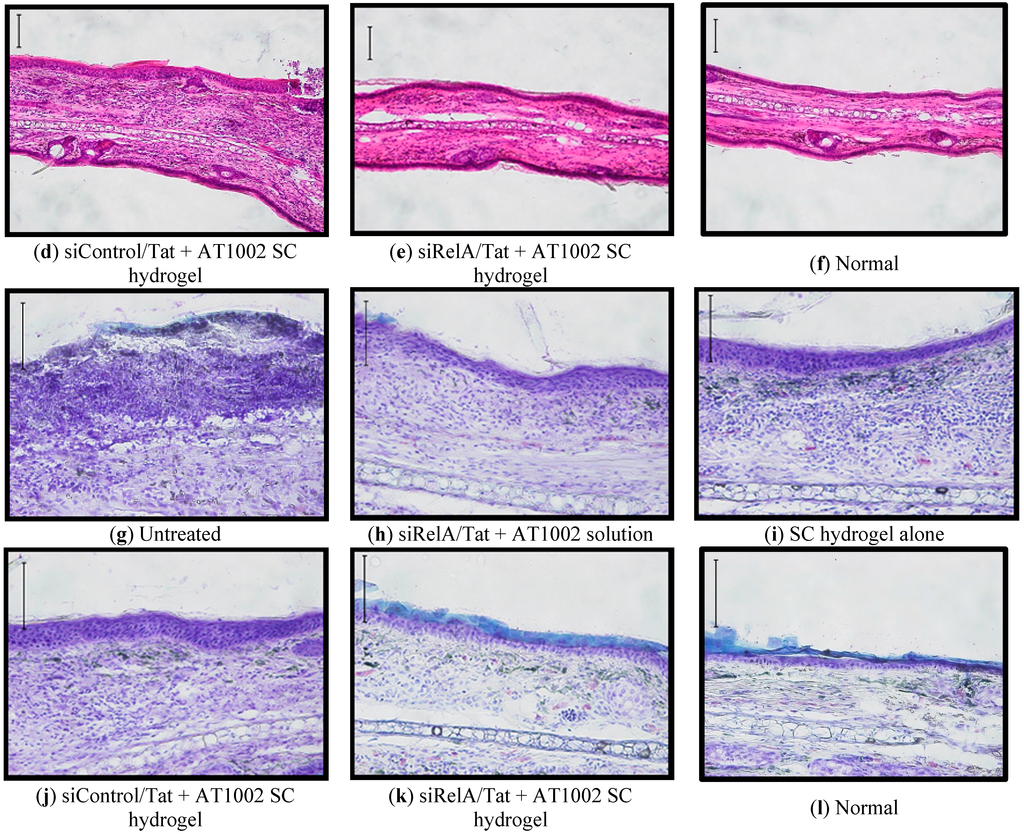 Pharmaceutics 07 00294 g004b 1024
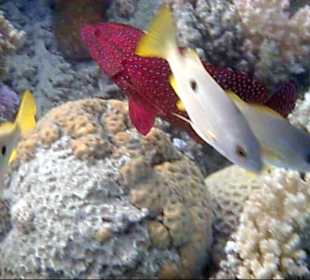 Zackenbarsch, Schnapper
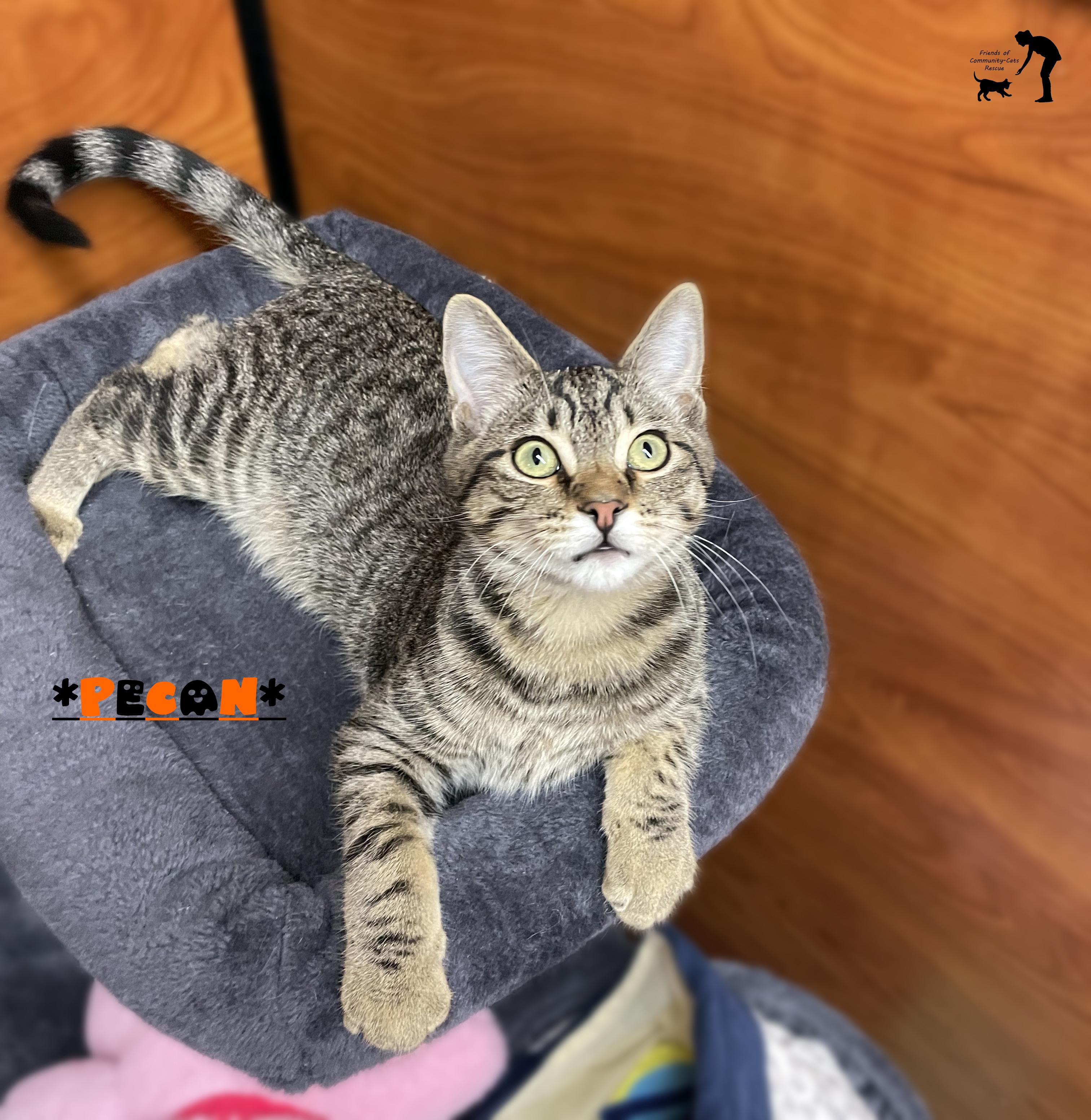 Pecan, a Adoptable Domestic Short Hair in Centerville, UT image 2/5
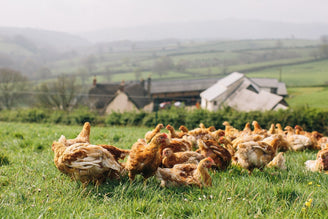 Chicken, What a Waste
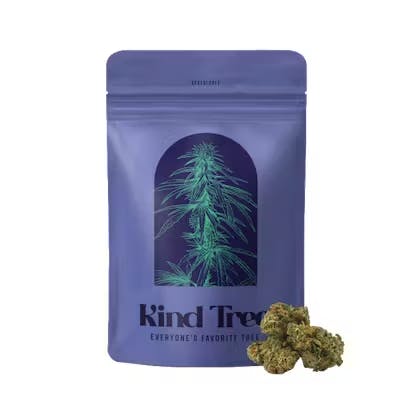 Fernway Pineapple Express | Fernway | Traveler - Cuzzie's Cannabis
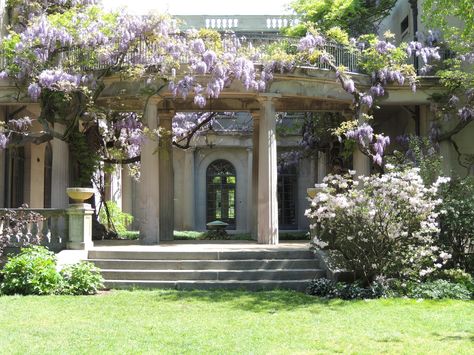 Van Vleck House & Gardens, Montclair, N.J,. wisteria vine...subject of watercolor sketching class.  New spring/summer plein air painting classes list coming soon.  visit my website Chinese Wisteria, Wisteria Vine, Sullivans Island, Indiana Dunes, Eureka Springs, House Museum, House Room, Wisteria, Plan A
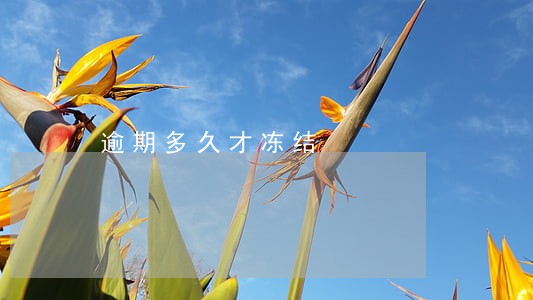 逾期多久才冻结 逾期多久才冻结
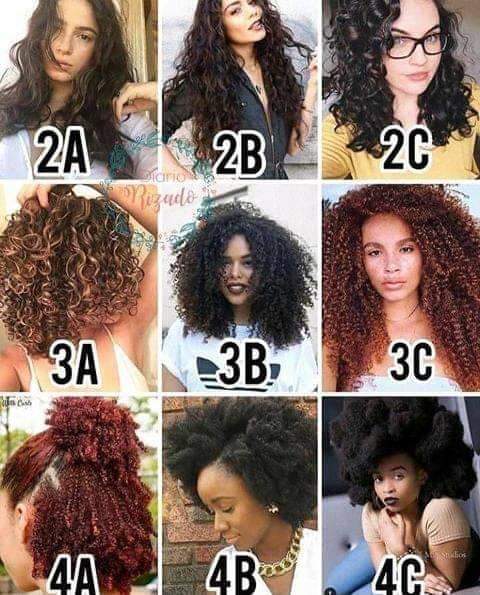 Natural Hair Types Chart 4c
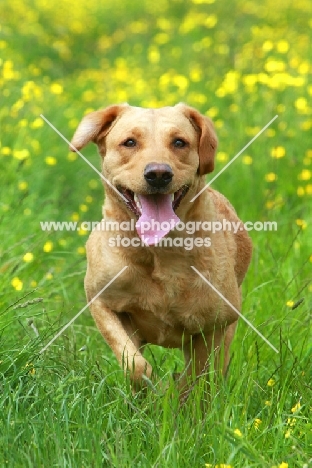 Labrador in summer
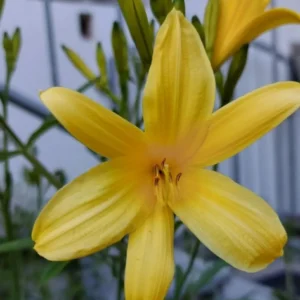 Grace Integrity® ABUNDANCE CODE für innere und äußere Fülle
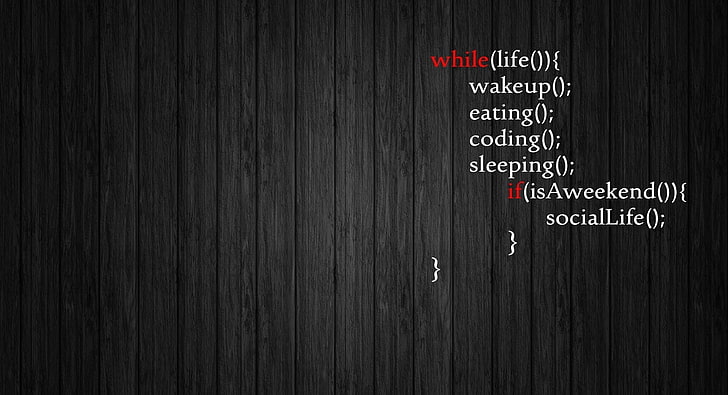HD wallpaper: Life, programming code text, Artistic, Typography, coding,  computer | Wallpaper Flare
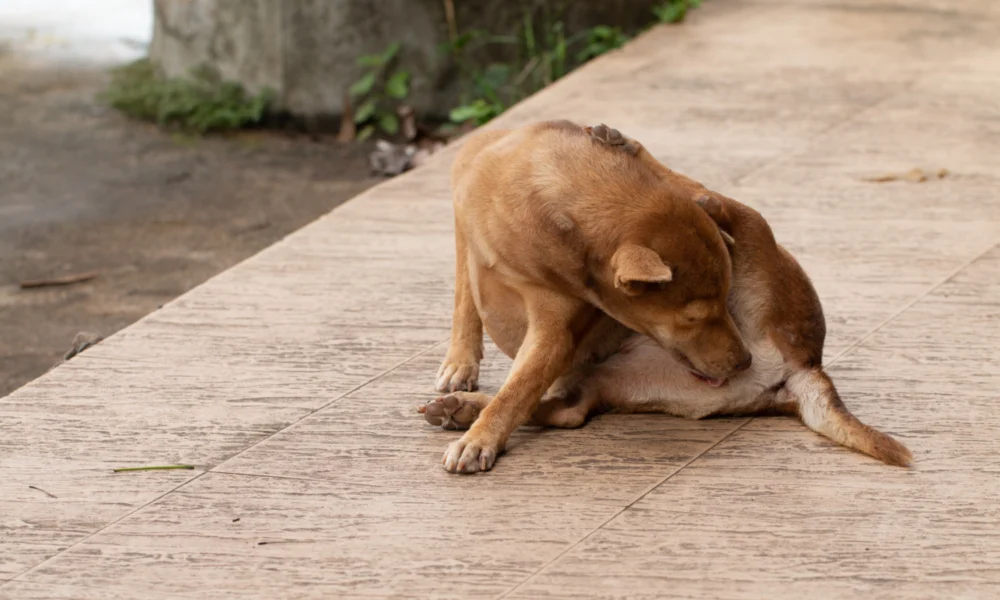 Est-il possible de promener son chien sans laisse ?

### YOUR INSTRUCTIONS
Nothing but the pictures should be left out when the material above is copied.

### SOLVED EXERCISE
 Pharmaceutics 07 00294 g004b 1024
 Zackenbarsch, Schnapper
 Pecan, a Adoptable Domestic Short Hair in Centerville, UT image 2/5
 Chicken, What a Waste
 Fernway Pineapple Express | Fernway | Traveler - Cuzzie's Cannabis
 Van Vleck House & Gardens, Montclair, N.J,. wisteria vine...subject of watercolor sketching class.  New spring/summer plein air painting classes list coming soon.  visit my website Chinese Wisteria, Wisteria Vine, Sullivans Island, Indiana Dunes, Eureka Springs, House Museum, House Room, Wisteria, Plan A
 逾期多久才冻结 逾期多久才冻结
 Natural Hair Types Chart 4c
 Labrador in summer
 Grace Integrity® ABUNDANCE CODE für innere und äußere Fülle
HD wallpaper: Life, programming code text, Artistic, Typography, coding,  computer | Wallpaper Flare
 Est-il possible de promener son chien sans laisse ?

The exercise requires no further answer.